For I heard the insults of many, and terror all around: ‘Persecute him!’ and, ‘Let us persecute him!’ from all the men who had been at peace with me and who had kept watch by my side. ‘If only there were some way that he might be deceived, and we might prevail against him and obtain vengeance from him!’
11 Ama RAB güçlü bir savaşçı gibi benimledir. Bu yüzden bana eziyet edenler tökezleyecek, Üstün gelemeyecek, Başarısızlığa uğrayıp büyük utanca düşecekler; Onursuzlukları sonsuza dek unutulmayacak.
But the Lord is with me, like a strong warrior. For this reason, those who persecute me will fall, and they will be ineffective. They will be greatly confounded. For they have not understood the everlasting disgrace that will never be wiped away.
12 Ey doğru kişiyi sınayan, Yüreği ve düşünceyi gören Her Şeye Egemen RAB! Davamı senin eline bırakıyorum. Onlardan alacağın öcü göreyim!
And you, O Lord of hosts, the Tester of the just, who sees the temperament and the heart: I beg you to let me see your vengeance upon them. For I have revealed my case to you.
13 Ezgiler okuyun RAB'be! Övün RAB'bi! Çünkü yoksulun canını kötülerin elinden O kurtardı.
Sing to the Lord! Praise the Lord!
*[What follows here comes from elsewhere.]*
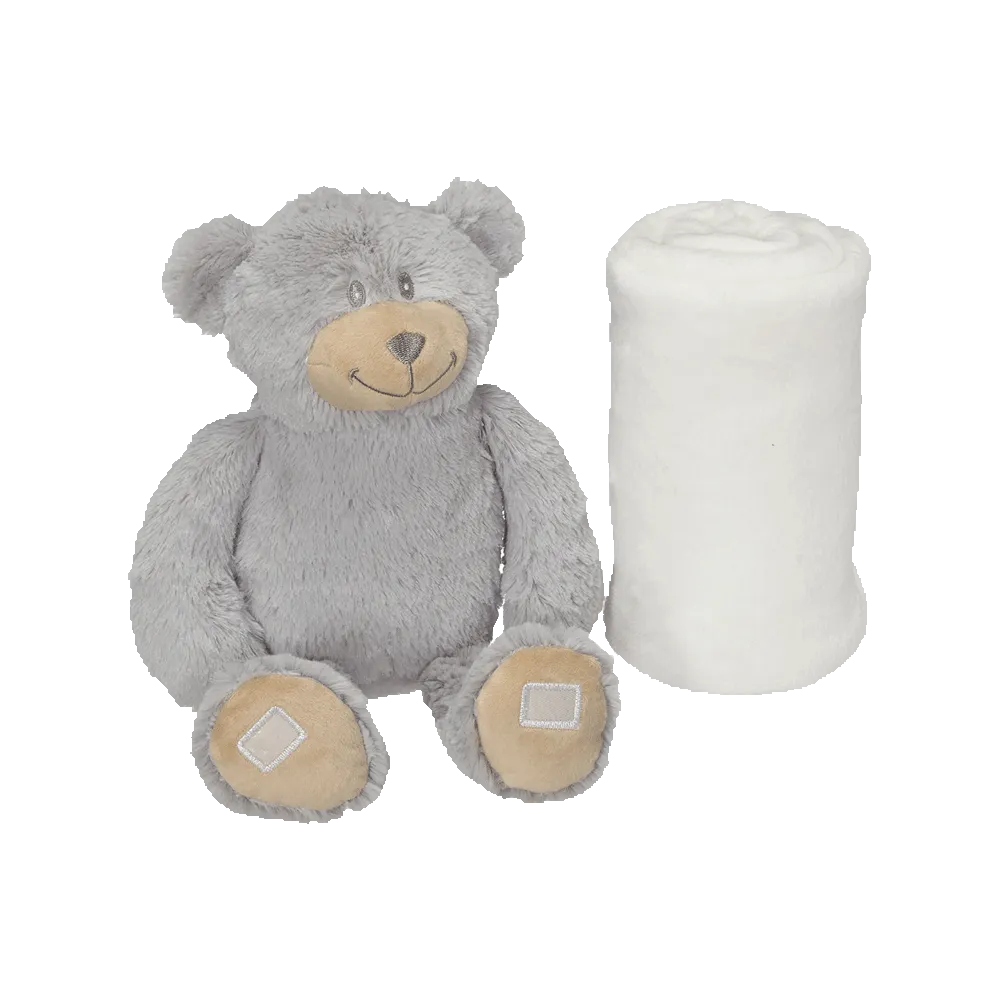 Blanket Huggers - Grey Bear CLEARANCE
For he has freed the soul of the poor from the hand of the wicked.
14 Lanet olsun doğduğum güne! Kutlu olmasın annemin beni doğurduğu gün!
Cursed is the day on which I was born! The day on which my mother gave birth to me: let it not be blessed!
15 “Bir oğlun oldu!” diyerek babama haber getiren, Onu sevince boğan adama lanet olsun!
Cursed is the man who announced it to my father, saying, ‘A male child has been born to you,’ causing him to rejoice with gladness.
16 RAB'bin acımadan yerle bir ettiği Kentler gibi olsun o adam! Sabah feryatlar, Öğlen savaş naraları duysun!
Let that man be like the cities that the Lord has overthrown without regret. Let him hear an outcry in the morning, and wailing at the time of midday!
17 Çünkü beni annemin rahminde öldürmedi; Annem mezarım olur, Rahmi hep gebe kalırdı.
So let him be, who did not put me to death from the womb, so that my mother would have been my sepulcher, and her womb would have been my eternal resting place!
18 Neden ana rahminden çıktım? Dert, üzüntü görmek, Ömrümü utanç içinde geçirmek için mi?
Why did I depart from the womb, so that I would see hardship and sorrow, and so that my days would be consumed by trouble?”